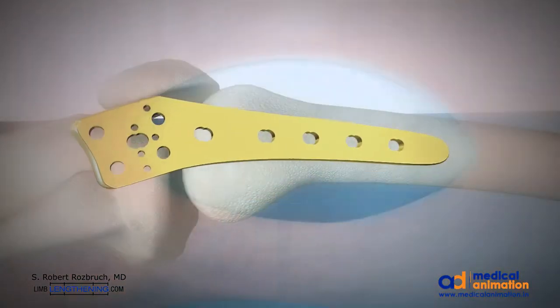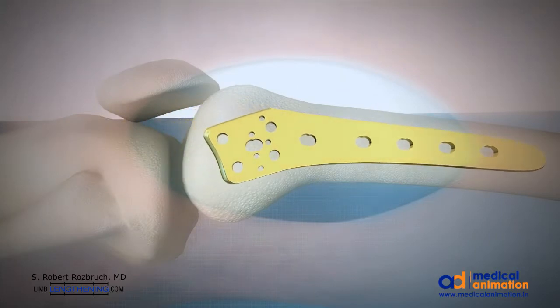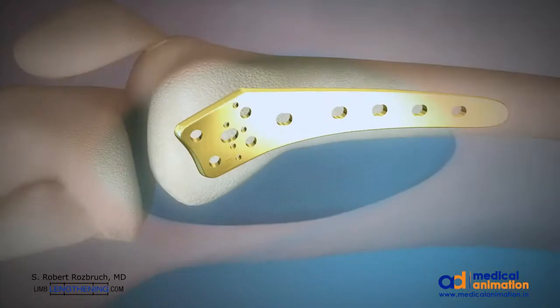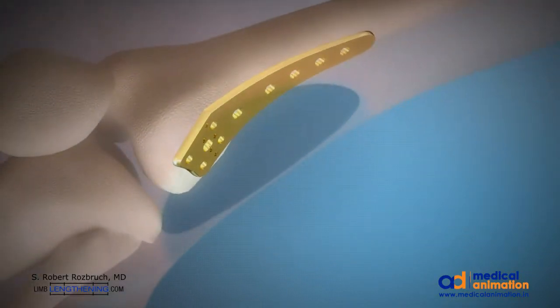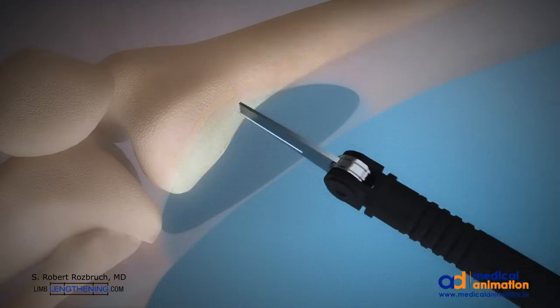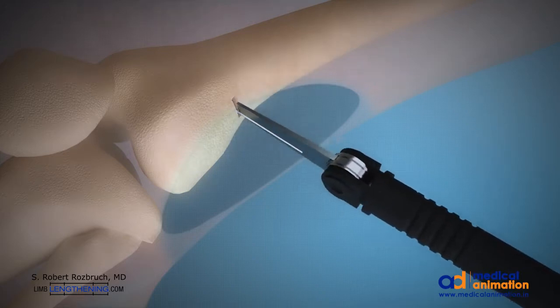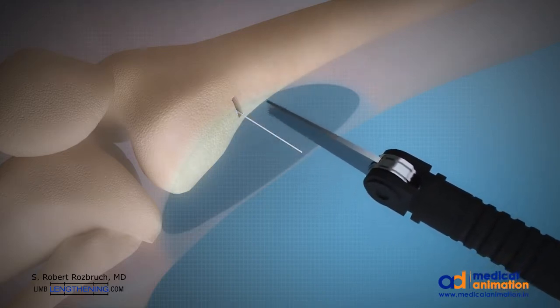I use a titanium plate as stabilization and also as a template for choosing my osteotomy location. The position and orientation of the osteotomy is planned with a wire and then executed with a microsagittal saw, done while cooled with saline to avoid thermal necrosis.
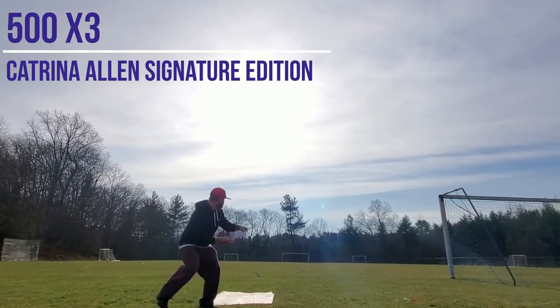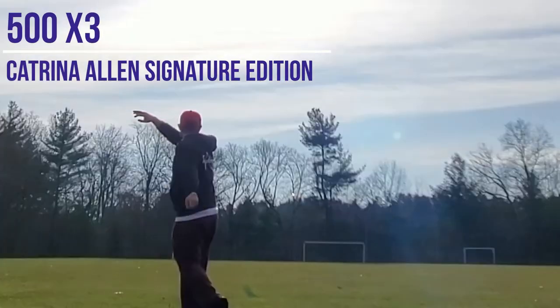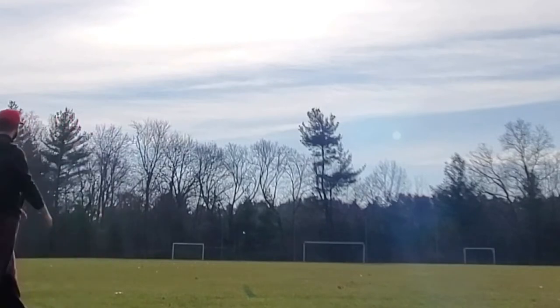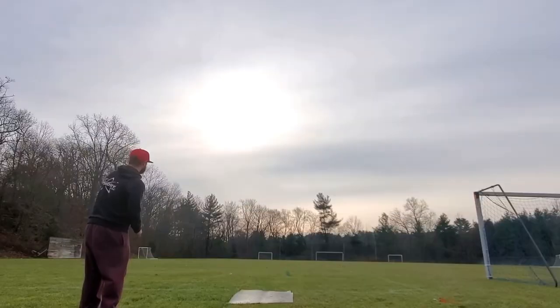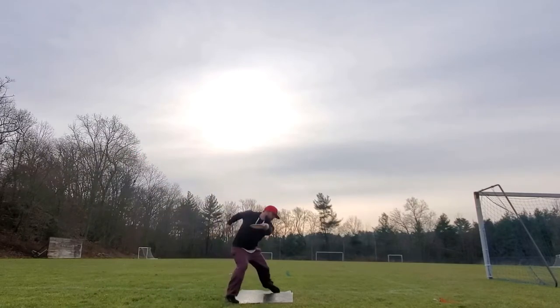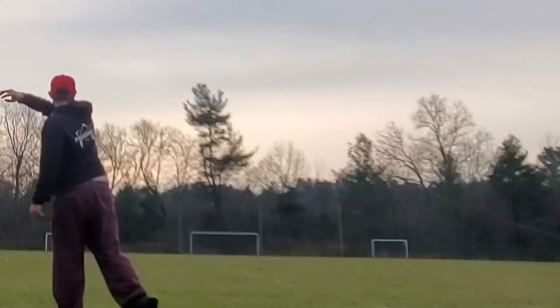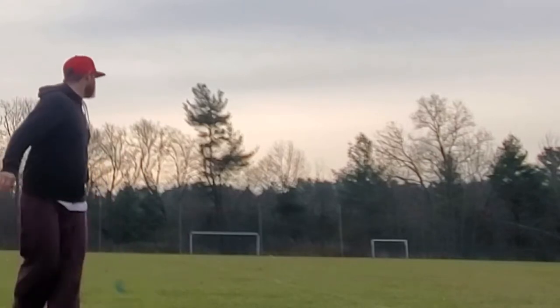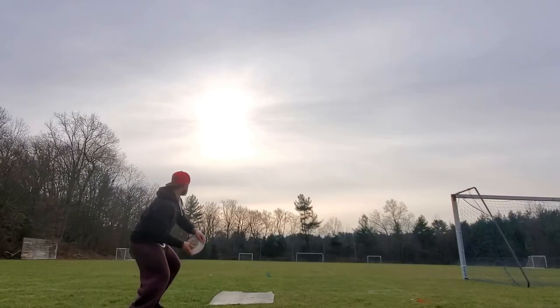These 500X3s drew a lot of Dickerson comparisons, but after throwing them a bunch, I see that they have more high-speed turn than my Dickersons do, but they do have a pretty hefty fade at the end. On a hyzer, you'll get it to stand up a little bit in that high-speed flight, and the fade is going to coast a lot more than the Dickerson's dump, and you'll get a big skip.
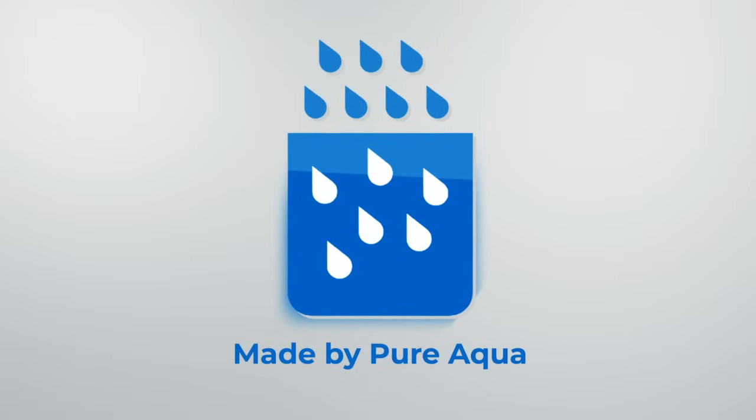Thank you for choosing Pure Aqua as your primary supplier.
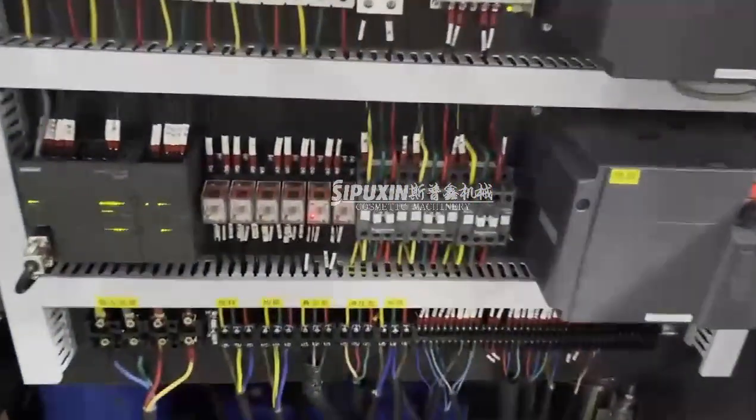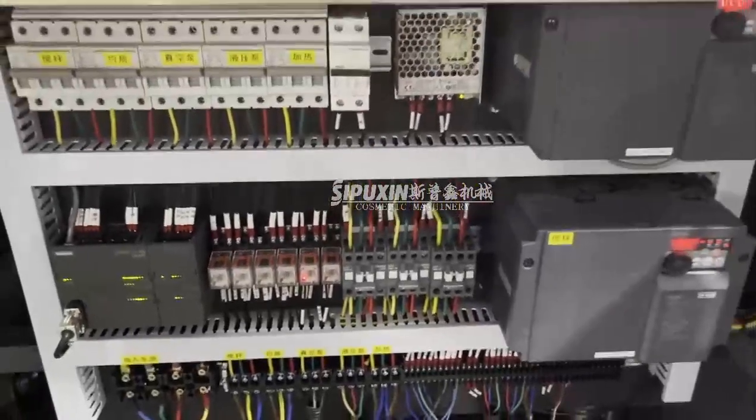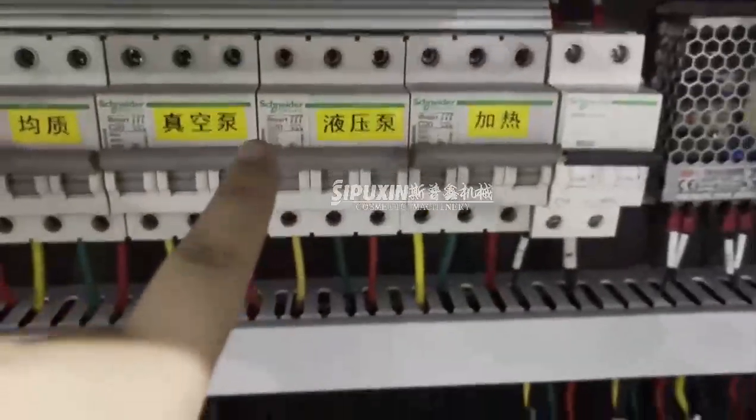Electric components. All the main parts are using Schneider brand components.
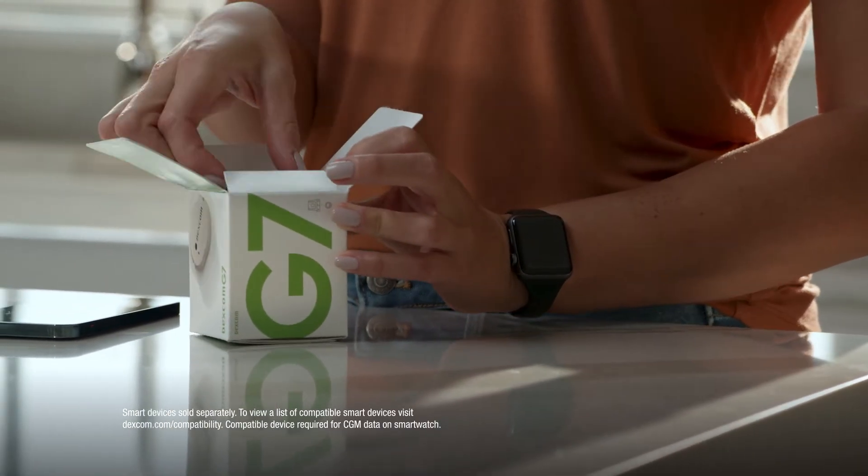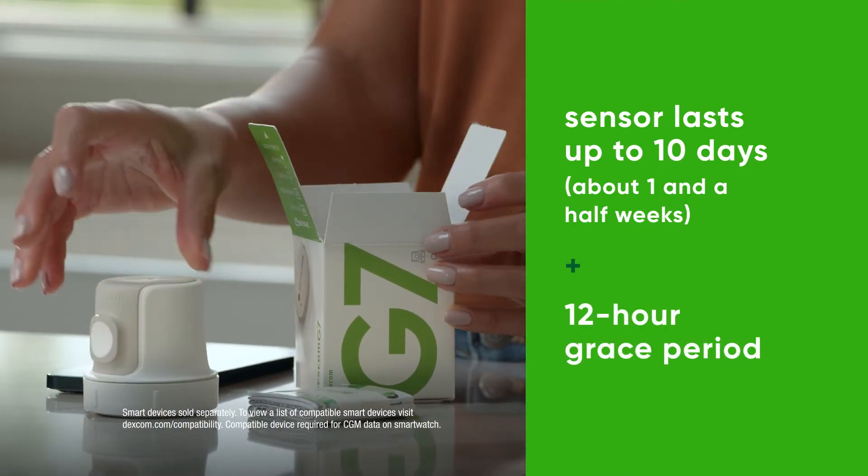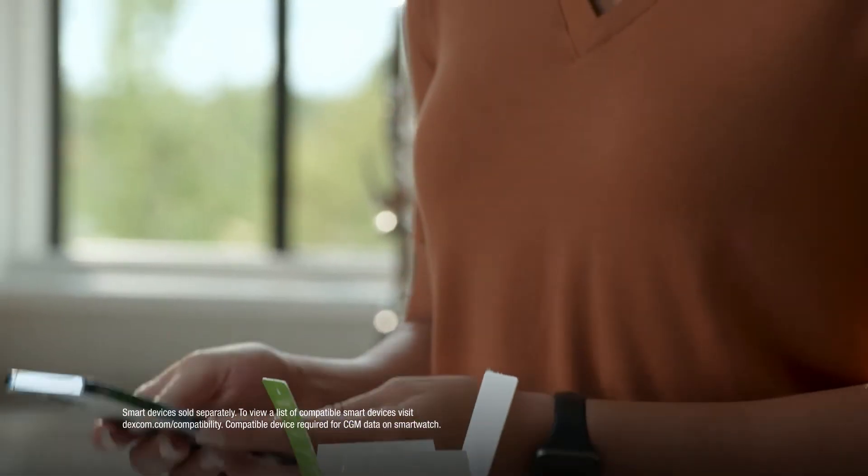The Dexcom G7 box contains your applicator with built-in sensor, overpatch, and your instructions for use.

──────

The job is to set down the whole listing exactly, excluding any images.

### Written response
I use a titanium plate as stabilization and also as a template for choosing my osteotomy location. The position and orientation of the osteotomy is planned with a wire and then executed with a microsagittal saw, done while cooled with saline to avoid thermal necrosis.
These 500X3s drew a lot of Dickerson comparisons, but after throwing them a bunch, I see that they have more high-speed turn than my Dickersons do, but they do have a pretty hefty fade at the end. On a hyzer, you'll get it to stand up a little bit in that high-speed flight, and the fade is going to coast a lot more than the Dickerson's dump, and you'll get a big skip.
Thank you for choosing Pure Aqua as your primary supplier.
Electric components. All the main parts are using Schneider brand components.
The Dexcom G7 box contains your applicator with built-in sensor, overpatch, and your instructions for use.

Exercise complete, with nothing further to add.